The problem =
Copy each line below exactly and leave the pictures out.

BEGIN Data shown

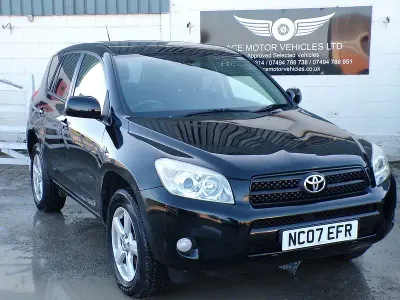 Begagnad Toyota RAV4 152 HK (111 kW) 2007 Svart SUV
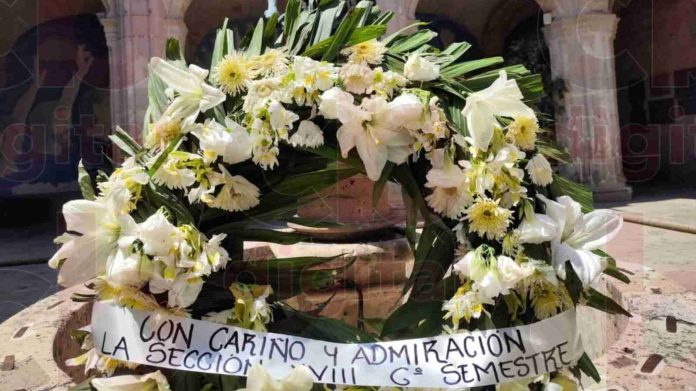Recuerdan docentes y alumnos de Facultad de Derecho a Jean Cadet Odimba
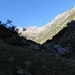 ore 16:39 all' Alpe Madri già c'è l' ombra...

END Data shown

Written response =
 Begagnad Toyota RAV4 152 HK (111 kW) 2007 Svart SUV
Recuerdan docentes y alumnos de Facultad de Derecho a Jean Cadet Odimba
 ore 16:39 all' Alpe Madri già c'è l' ombra...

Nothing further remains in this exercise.